The Australian Industry Group urges the Panel to be conscious of the changing balance of pressures in the Australian economy when determining the minimum and award wages during the 2025 Annual Wage Review (AWR).
In seeking to provide a fair safety net of minimum wages the Panel must strike a fair balance between the equally important and inherently interconnected interests of employees and employers. In the past three AWRs, achieving this balance has proven an especially challenging task, due to the co-occurrence of high inflation and wages growth alongside weakening business conditions and poor productivity performance.
However, in 2025 the balance of these pressures in the Australian economy has shifted – with inflation and wages significantly moderating, while business conditions and productivity have continued to decline. Current economic settings therefore warrant a significantly lower increase to minimum and award wages than those contained in recent decisions.
In advancing this submission, the Australian Industry Group points to five lines of evidence supporting the need for a lower increase in this year’s AWR:
The Australian economy continued to deteriorate over the last year, with 2024 marking the longest period of low growth in Australia since the recession of the early 1990s. Household consumption remains soft, investment growth fell considerably, while industry output continued to weaken with particular difficulties in industrial and consumer-oriented sectors. As private sector activity declined the economy has become increasingly dependent on government spending, with a rise in public demand during 2024 proving critical in preventing the economy from falling into near-recession conditions. Official forecasts point to only a modest recovery across 2025, with a return to normal growth conditions not expected until mid-2026.
After several years of elevated price pressures inflation moderated significantly in 2024, with the CPI falling from 4.0% to 2.4% over the year. This reflected easing global inflationary pressures, further slowing Australian growth, and the RBA’s maintenance of restrictive monetary policy.
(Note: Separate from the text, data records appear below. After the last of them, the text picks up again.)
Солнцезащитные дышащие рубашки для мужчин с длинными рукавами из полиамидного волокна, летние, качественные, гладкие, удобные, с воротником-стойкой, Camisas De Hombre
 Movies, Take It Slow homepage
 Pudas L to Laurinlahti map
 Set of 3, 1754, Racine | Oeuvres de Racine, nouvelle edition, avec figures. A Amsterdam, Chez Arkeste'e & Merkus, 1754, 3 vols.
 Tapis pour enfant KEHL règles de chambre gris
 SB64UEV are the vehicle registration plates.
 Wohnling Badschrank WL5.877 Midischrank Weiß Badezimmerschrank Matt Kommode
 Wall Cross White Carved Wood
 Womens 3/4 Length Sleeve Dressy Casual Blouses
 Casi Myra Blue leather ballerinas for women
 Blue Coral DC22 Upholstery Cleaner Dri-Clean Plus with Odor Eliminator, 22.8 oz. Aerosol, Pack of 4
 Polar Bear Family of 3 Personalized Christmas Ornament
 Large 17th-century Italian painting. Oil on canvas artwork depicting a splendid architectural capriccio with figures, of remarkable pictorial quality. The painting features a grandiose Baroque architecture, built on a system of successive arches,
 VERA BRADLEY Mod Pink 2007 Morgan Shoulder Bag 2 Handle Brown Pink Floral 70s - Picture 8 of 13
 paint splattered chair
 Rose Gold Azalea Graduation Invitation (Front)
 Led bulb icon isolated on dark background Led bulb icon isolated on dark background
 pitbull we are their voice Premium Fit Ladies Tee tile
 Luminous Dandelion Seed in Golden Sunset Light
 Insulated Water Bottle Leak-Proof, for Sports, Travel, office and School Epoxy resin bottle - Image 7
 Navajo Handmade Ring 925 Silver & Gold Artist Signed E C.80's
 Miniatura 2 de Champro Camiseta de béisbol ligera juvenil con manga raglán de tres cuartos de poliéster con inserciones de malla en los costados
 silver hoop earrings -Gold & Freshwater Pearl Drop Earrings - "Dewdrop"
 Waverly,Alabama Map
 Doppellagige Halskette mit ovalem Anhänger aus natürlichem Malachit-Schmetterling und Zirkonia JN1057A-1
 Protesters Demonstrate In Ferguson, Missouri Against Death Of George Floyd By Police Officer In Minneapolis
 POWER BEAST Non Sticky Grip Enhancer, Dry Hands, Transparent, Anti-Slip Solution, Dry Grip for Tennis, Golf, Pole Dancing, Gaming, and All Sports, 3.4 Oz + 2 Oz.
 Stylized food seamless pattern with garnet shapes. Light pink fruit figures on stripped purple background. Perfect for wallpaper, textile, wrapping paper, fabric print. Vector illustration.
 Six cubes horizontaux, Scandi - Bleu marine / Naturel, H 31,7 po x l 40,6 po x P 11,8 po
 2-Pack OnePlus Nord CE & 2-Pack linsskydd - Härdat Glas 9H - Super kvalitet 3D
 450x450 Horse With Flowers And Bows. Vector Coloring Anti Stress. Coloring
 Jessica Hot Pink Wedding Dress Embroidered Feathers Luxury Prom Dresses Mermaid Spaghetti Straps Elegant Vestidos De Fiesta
It was also supported by energy bill subsidies for households and small businesses, which are estimated to have contributed 0.6 percentage points to the fall in CPI. The inflation outlook is subject to considerable uncertainty due to domestic and global policy factors, but from a cost-of-living perspective warrants a much lower increase to minimum and award wages than in previous years.
Business financial performance weakened with the slowing economy in 2024. Gross operating profits declined in aggregate and for most industries, with particularly poor results for industrial and consumer sectors as well as small businesses. However, wage pressures have remained significant, putting downward pressure on operating margins and profitability. The cumulative effect of recent high AWR decisions also weighed on business, with several award-reliant industries showing evidence of falling financial performance and employment. Business capacity to pay award and minimum wages increases is at its lowest point in several years.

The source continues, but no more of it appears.